Hail, Gabriel, announcer of the Incarnation of God! Hail, Michael, chief Captain of the bodiless hierarchies, who cry aloud, “Holy, holy, holy are You, O our Mighty God!”
From the Canon, November 8

Dionysius and the Angels

In the late sixth century a certain Dionysios, thought to be a Syrian pupil of the Greek philosopher Proclus, composed a number of works systematizing Scriptural teaching in a philosophical framework. For centuries he was confused with Dionysius the Areopagite, an Athenian convert of St Paul, and even St Denys of Paris. Since the nineteenth century he has been called by scholars Pseudo-Dionysius.

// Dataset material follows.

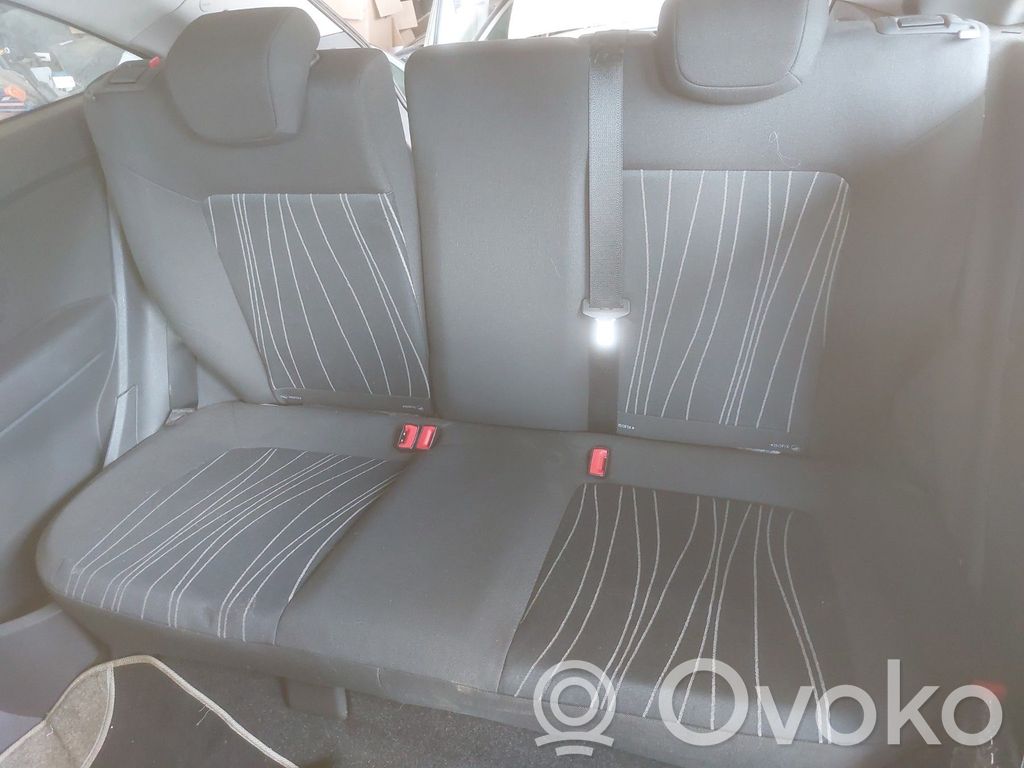 Opel Corsa D Takaistuin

Dionysios’ Celestial Hierarchies arranged the Scriptural names for the incorporeal powers in a specific order, the nine “ranks” of spiritual beings in three “choirs”: those closest to God (thrones, cherubim and seraphim), those closest to us (angels, archangels and principalities) and those in between (authorities, dominions and powers). The names are found in Scripture:

  • Cherubim (Genesis 3; Psalms 80 & 99; Ezekiel 10)
  • Seraphim (Isiah 6)
  • Archangels (1 Thessalonians 4; Jude)
  • Angels (Romans 8; 1 Peter 3)
  • Thrones, Authorities, Principalities and Dominions (Ephesians 1, 3; Colossians 1)
  • Powers (Romans 8; Ephesians 1)

Dionysios felt that this list was far from exhaustive. “How many ranks of heavenly beings there are, what their nature is and how the mystery of holy authority is ordered among them only God can know in detail…. All that we can say about this is what God has revealed to us through them themselves.”